Stored records
==================================================

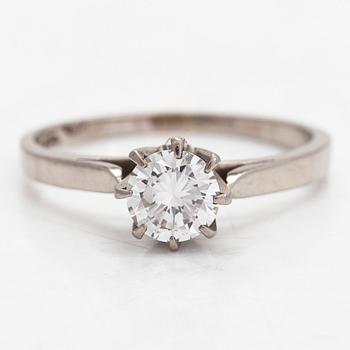 Ring, solitär, 18K vitguld med en briljantslipad diamant ca 0.82 ct enligt gravyr. Westerback, Helsingfors 1973.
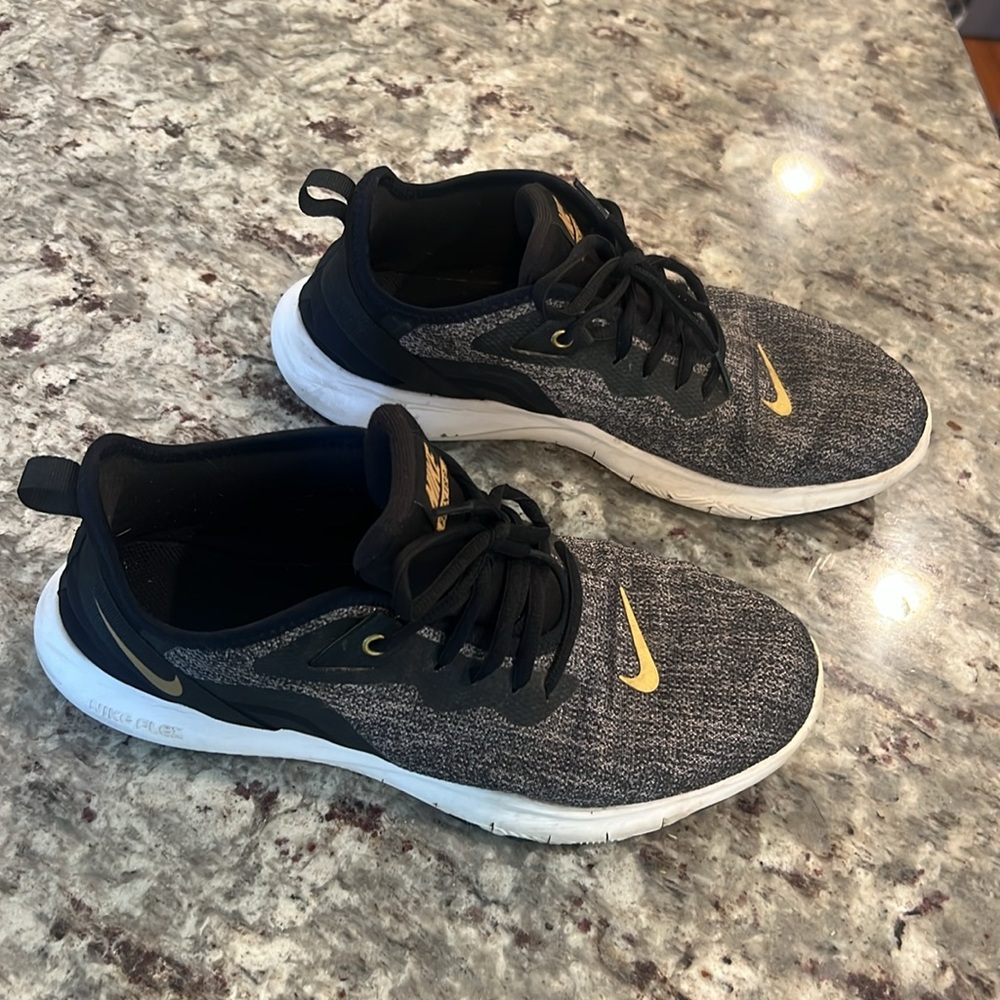 Nike Flex TR 9 Tennis Shoes - Picture 2 of 8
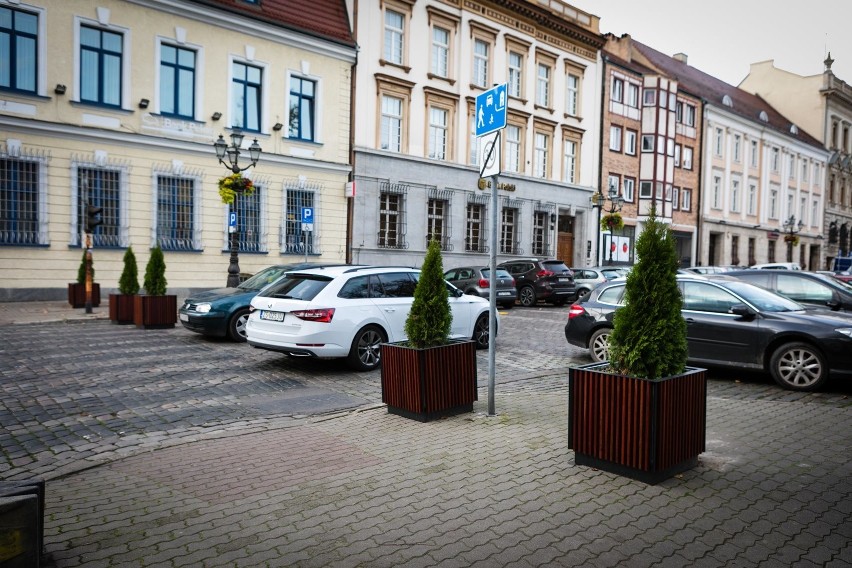 Co z pl. Orła Białego? Mieszkańcy zdenerwowani. A co na to zastępca prezydenta miasta?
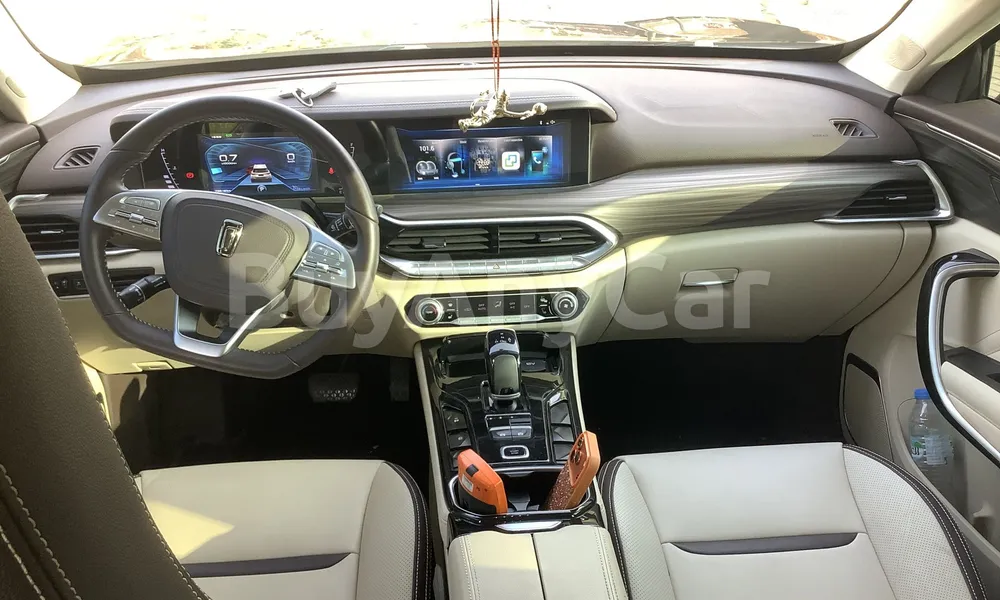 Vehicle photo 8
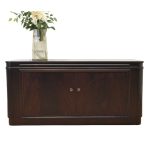 ciemna mahoniowa szafka art deco pod tv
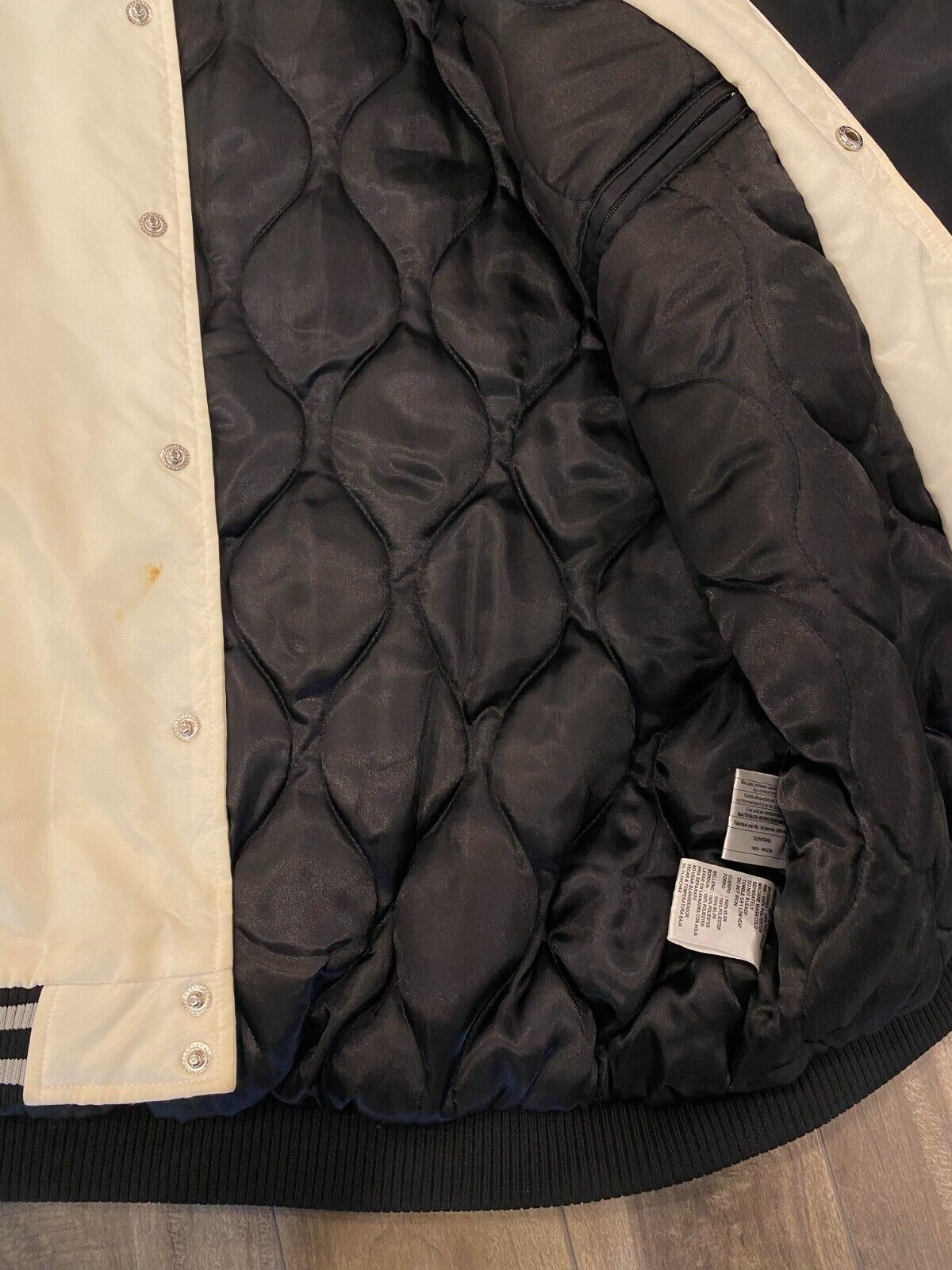 Vintage Oakland Raiders Jacket Mens Large White Satin Bomber NFL Reebok
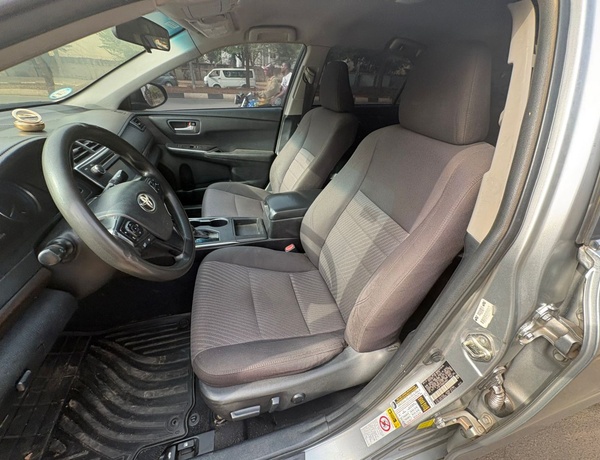 Nigerian Used Toyota Camry 2016 model for Sale In Abuja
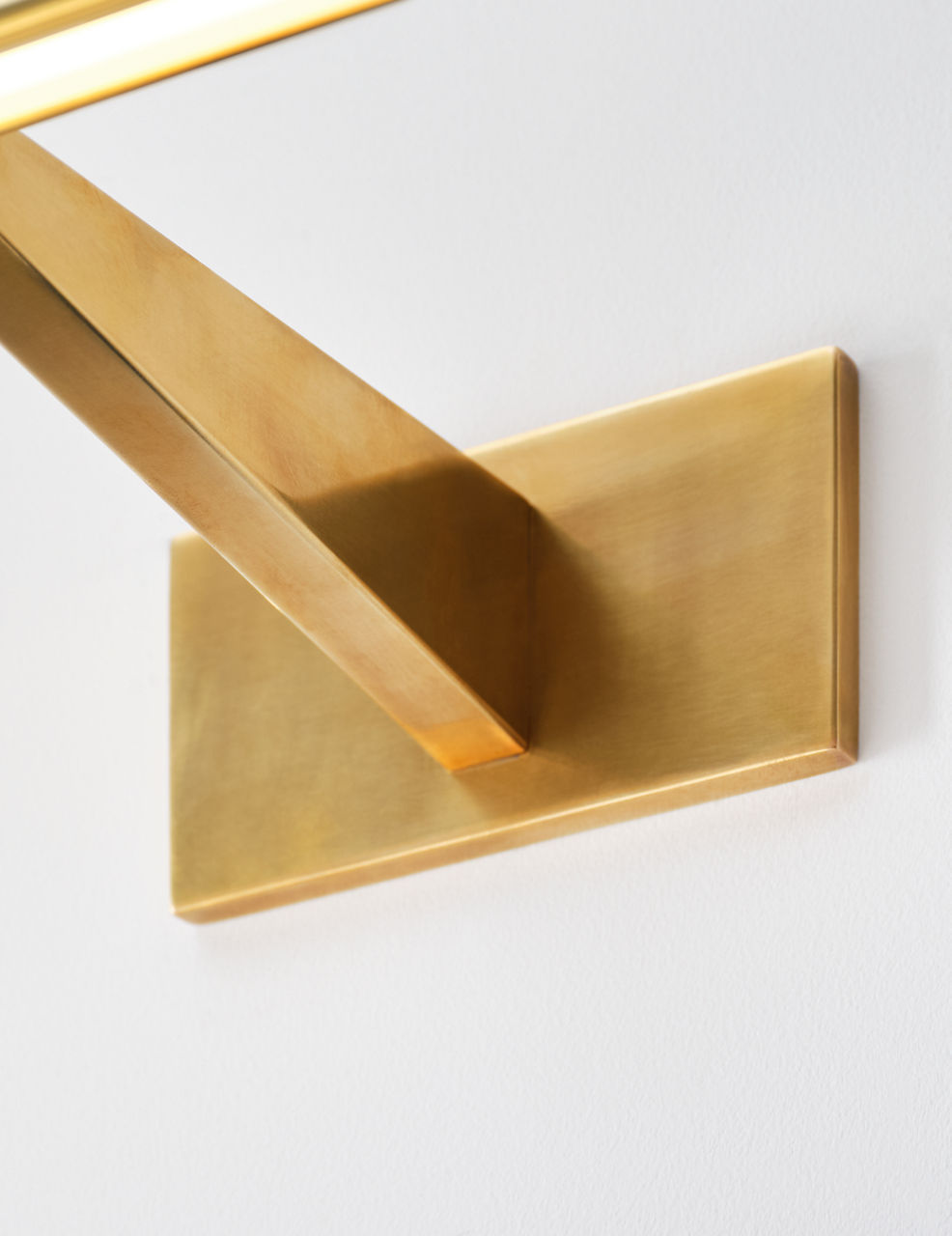 Petrel 18" Picture Light | Hand-Rubbed Antique Brass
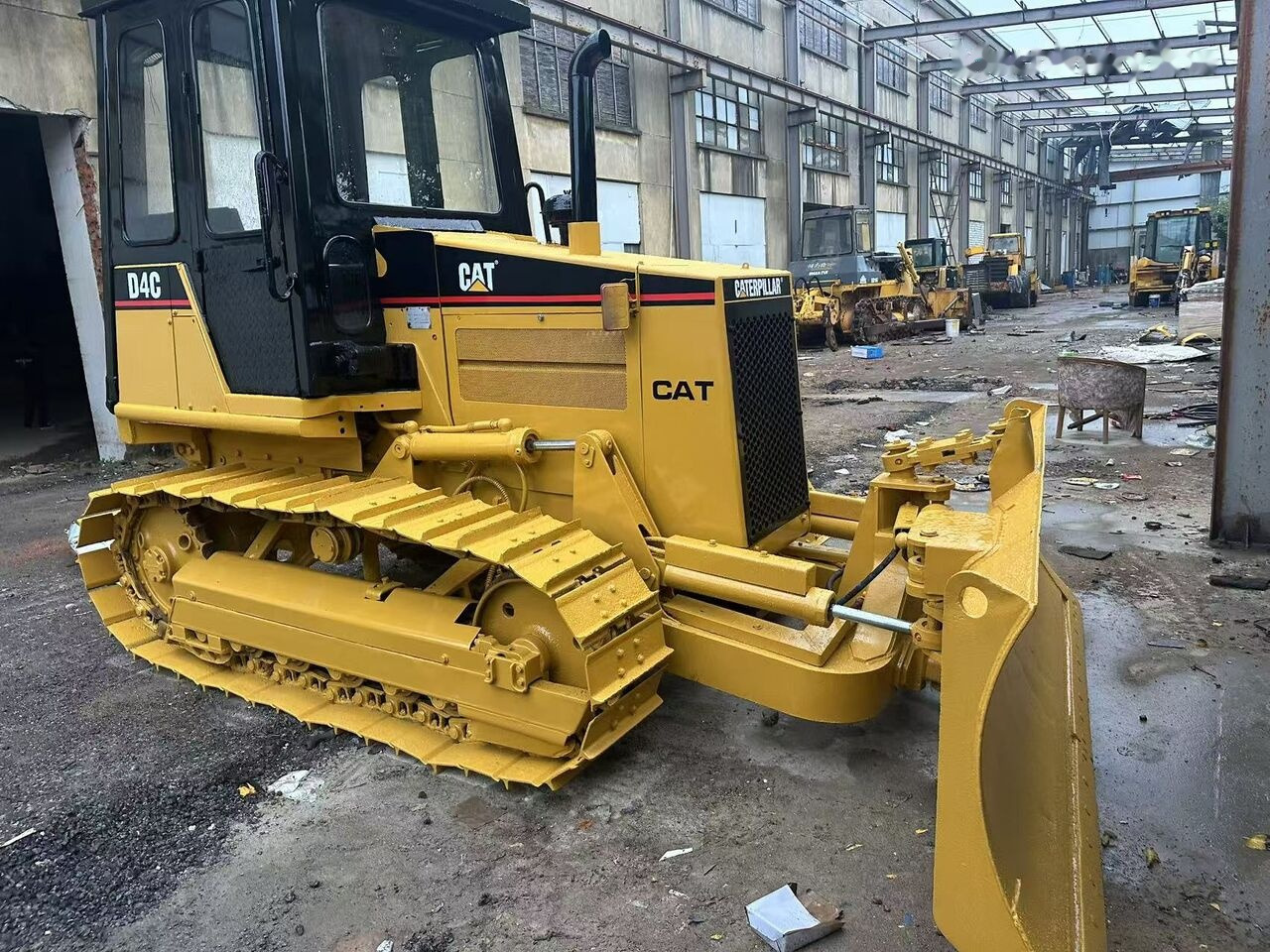 Caterpillar D4C - Buldozers: foto 2 Caterpillar D4C - Buldozers: foto 2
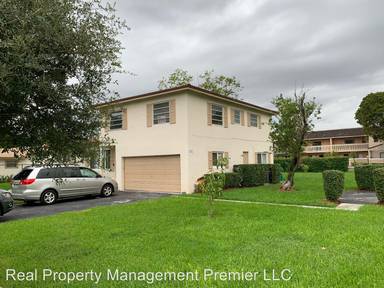 Main picture of 2430 NW 116th Ter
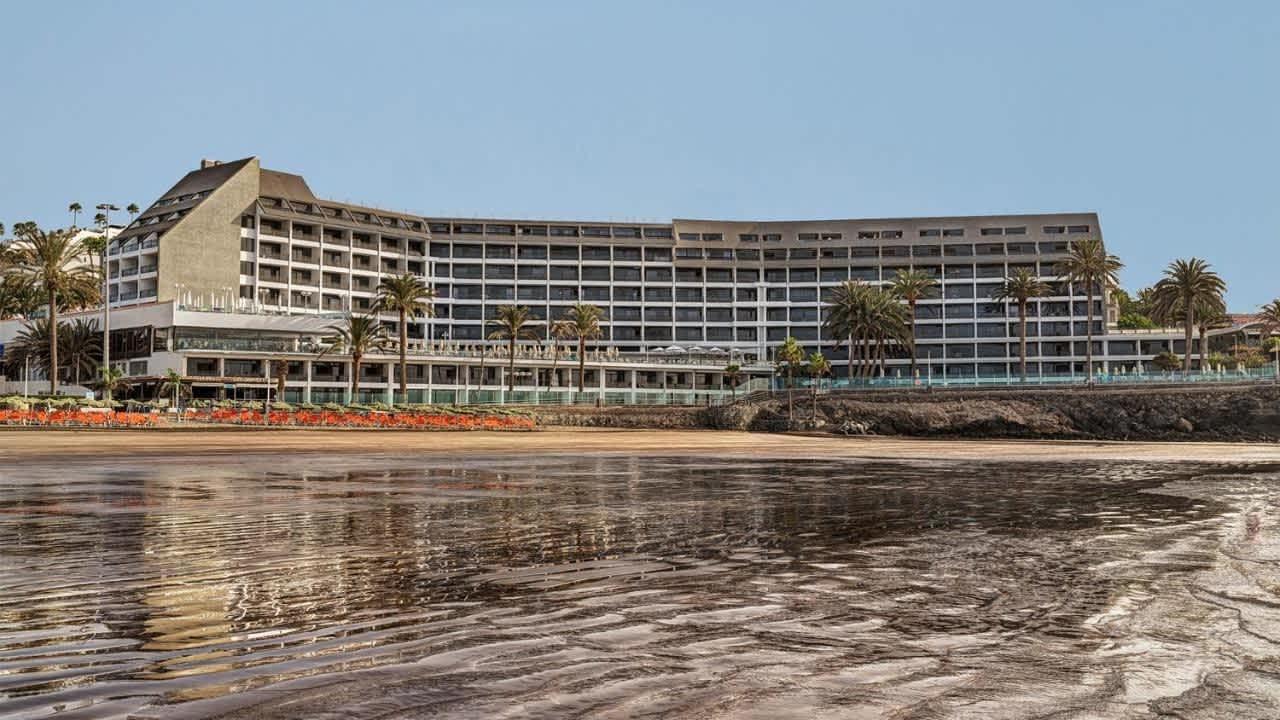 Panoramic view of the beachfront Hotel Don Gregory by Dunas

==================================================

_About this task_. Once the pictures are set aside, repeat the remaining data word for word.

_Solution to this exercise_.
 Ring, solitär, 18K vitguld med en briljantslipad diamant ca 0.82 ct enligt gravyr. Westerback, Helsingfors 1973.
 Nike Flex TR 9 Tennis Shoes - Picture 2 of 8
 Co z pl. Orła Białego? Mieszkańcy zdenerwowani. A co na to zastępca prezydenta miasta?
 Vehicle photo 8
 ciemna mahoniowa szafka art deco pod tv
 Vintage Oakland Raiders Jacket Mens Large White Satin Bomber NFL Reebok
 Nigerian Used Toyota Camry 2016 model for Sale In Abuja
 Petrel 18" Picture Light | Hand-Rubbed Antique Brass
 Caterpillar D4C - Buldozers: foto 2 Caterpillar D4C - Buldozers: foto 2
 Main picture of 2430 NW 116th Ter
 Panoramic view of the beachfront Hotel Don Gregory by Dunas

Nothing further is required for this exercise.